Python NLTK Train Data Set


I'm trying to train my NLTK model to recognize movie names (ex. "game of thrones") I have a text file where each line is a movie name.

How do I train my NLTK model to recognize these movie names if it sees it in a sentence during tokenization?

I searched around but found no resources. Any help is appreciated


Solution

  • It sounds like you are talking about training a named entity recognition (NER) model for movie names. To train an NER model in the traditional way, you'll need more than a list of movie names - you'll need a tagged corpus that might look something like the following (based on the 'dataset format' here):

    I PRP O
    like VBP O
    the DT O
    movie NN O
    Game NN B-MOV
    of IN I-MOV
    Thrones NN I-MOV
    . Punc O
    

    but going on for a very long time (say, minimum 10,000 words to give enough examples of movie names in running text). Each word is following by the part-of-speech (POS) tag, and then the NER tag. B-MOV indicates that 'Game' is the start of a movie name, and I-MOV indicates that 'of' and 'Thrones' are 'inside' a movie name. (By the way, isn't Game of Thrones a TV series as opposed to a movie? I'm just reusing your example anyway...)

    How would you create this dataset? Annotating by hand. It is a laborious process, but this is how state-of-the-art NER systems are trained, because whether or not something should be detected as a movie name depending on the context in which it appears. For example, there is a Disney movie called 'Aliens', but the same word 'Aliens' is a movie title in the second sentence below but not the first.

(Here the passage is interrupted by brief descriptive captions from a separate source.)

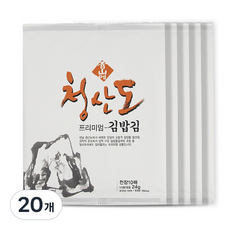 청산에 청산도 프리미엄 김밥김, 24g, 20개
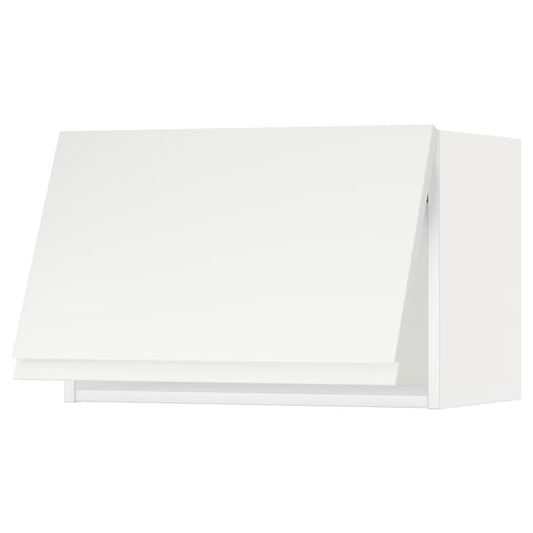 Ikea METOD - Wall cabinet horizontal w push-open, white/Voxtorp matt white, 60x40 cm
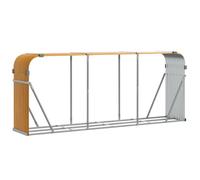 vidaXL Porte-bûches, Support à Bois de Chauffage avec Rangement, Étagère à Bois de Chauffage Extérieur, Aspect Bois 364585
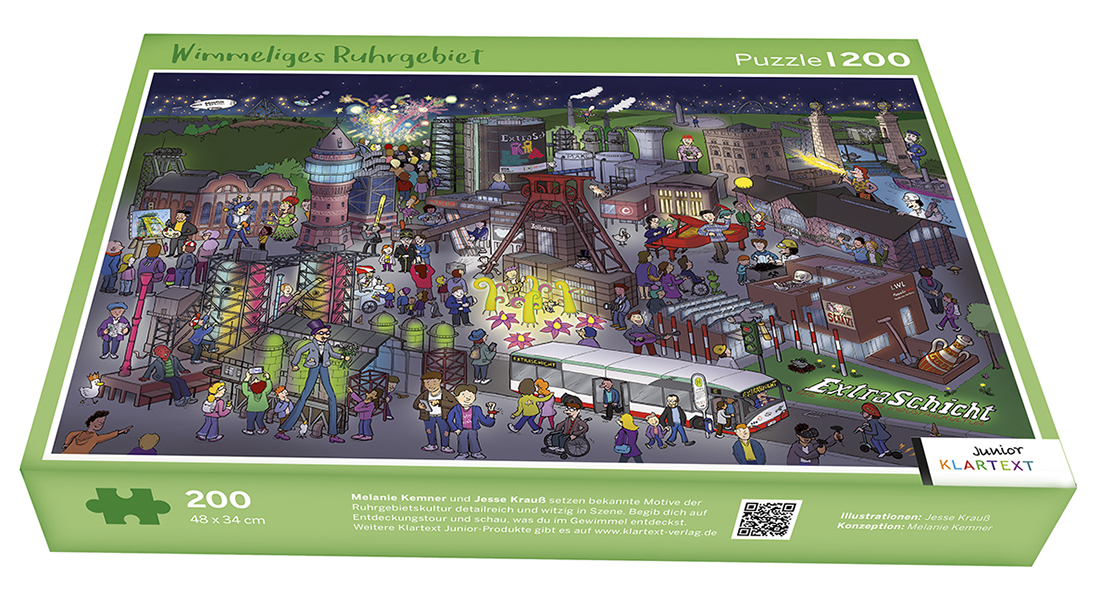 Puzzle Wimmeliges Ruhrgebiet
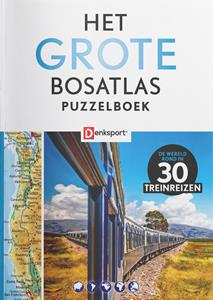 DenkSport Het Grote Bosatlas Puzzelboek - Treinreizen - Editie 1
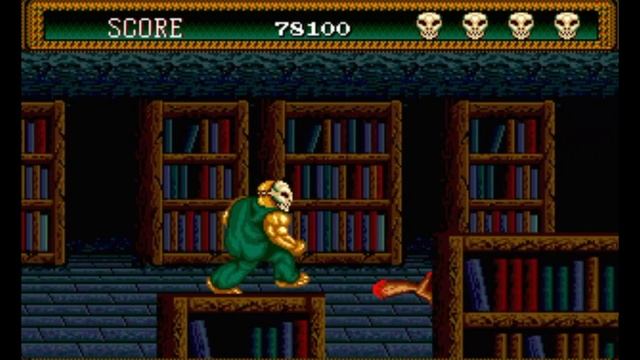 Sega Mega Drive 2 (Smd) 16-bit Splatter House 2 (Дом ужасов 2) Stage 5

    1. Aliens are hypothetical beings from other planets.
    2. I went to see Aliens last week.

    Tools like docanno exist to aid the annotation process. The dataset to be annotated should be selected depending on the final use case. For example, if you want to be able to find movie names in news articles, use a corpus of news articles. If you want to be able to find movie names in emails, use emails. If you want to be able to find movie names in any type of text, use a corpus with a wide range of different types of texts.

    This is a good place to get started if you decide to stick with training and NER model using NLTK, although some of the answers here suggest other libraries you might want to use, such as spaCy.

    Alternatively, if the whole tagging process sounds like too much work and you just want to use your list of movie names, look at fuzzy string matching. In this case, I don't think NLTK is the library to use as I'm not aware of any fuzzy string matching features in NLTK. You might instead use fuzzysearch as per the answer here.